§ **RAW DATA**:
=-=-=

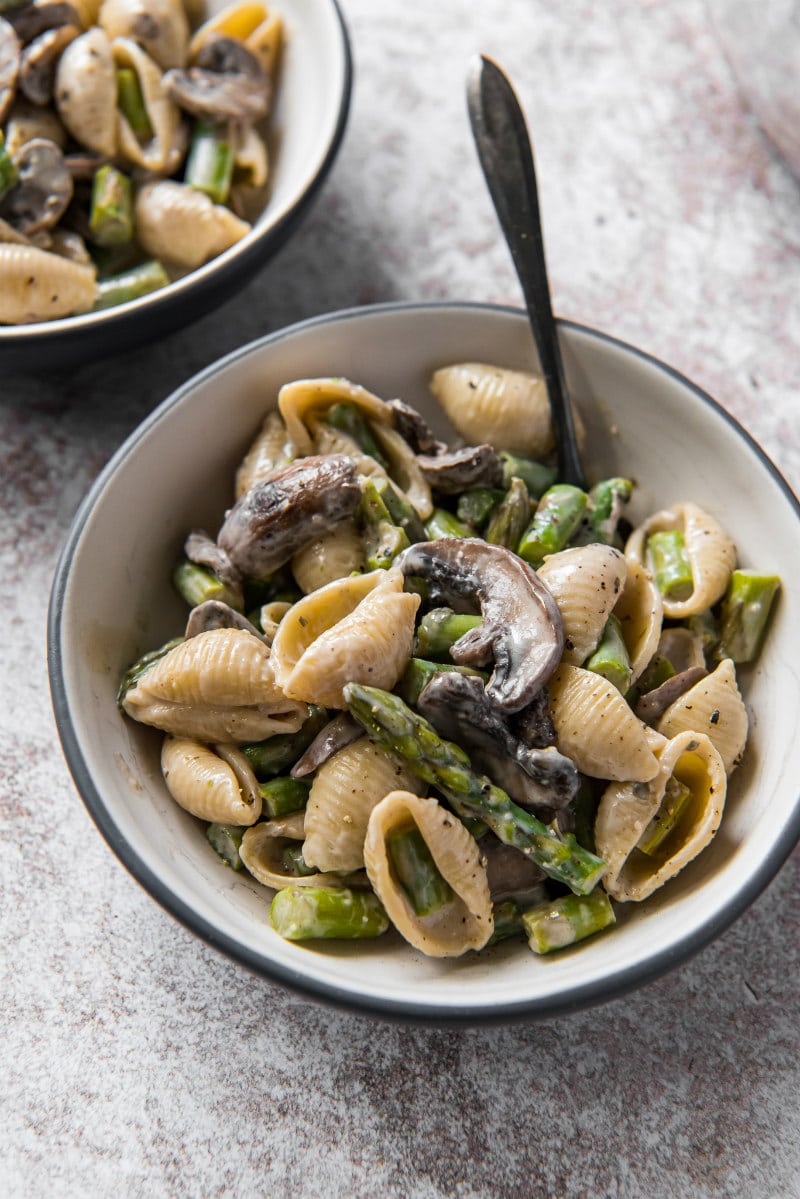 pasta shells with mushrooms and boursin sauce in white bowl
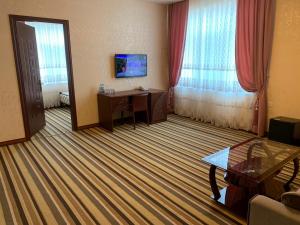 a hotel room with a desk and a table in a room at EL Faro RESORT AND SPA HOTEL in Nabran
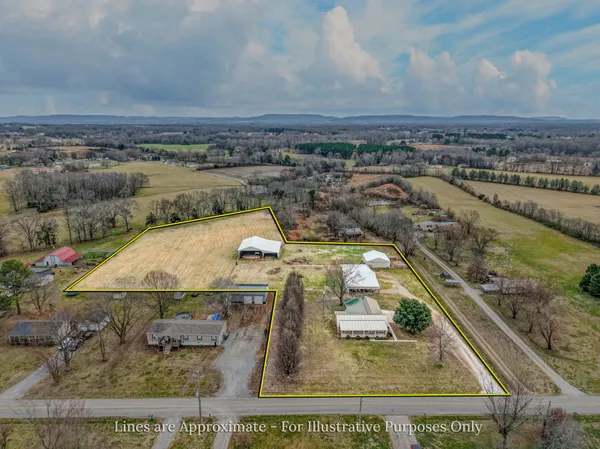 an aerial view of a house with outdoor space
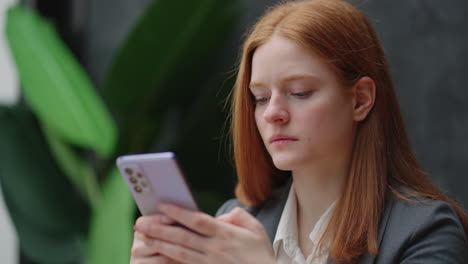 Beautiful young business woman using phone in office. Woman using a smartphone and leaning on a window texting sending emails planning meetings networking online browsing messages on mobile phone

=-=-=

§ **EXERCISE DIRECTIONS**: It would help to have the listing above repeated exactly, with all images removed.

§ **TASK ANSWER**:
 pasta shells with mushrooms and boursin sauce in white bowl
 a hotel room with a desk and a table in a room at EL Faro RESORT AND SPA HOTEL in Nabran
 an aerial view of a house with outdoor space
 Beautiful young business woman using phone in office. Woman using a smartphone and leaning on a window texting sending emails planning meetings networking online browsing messages on mobile phone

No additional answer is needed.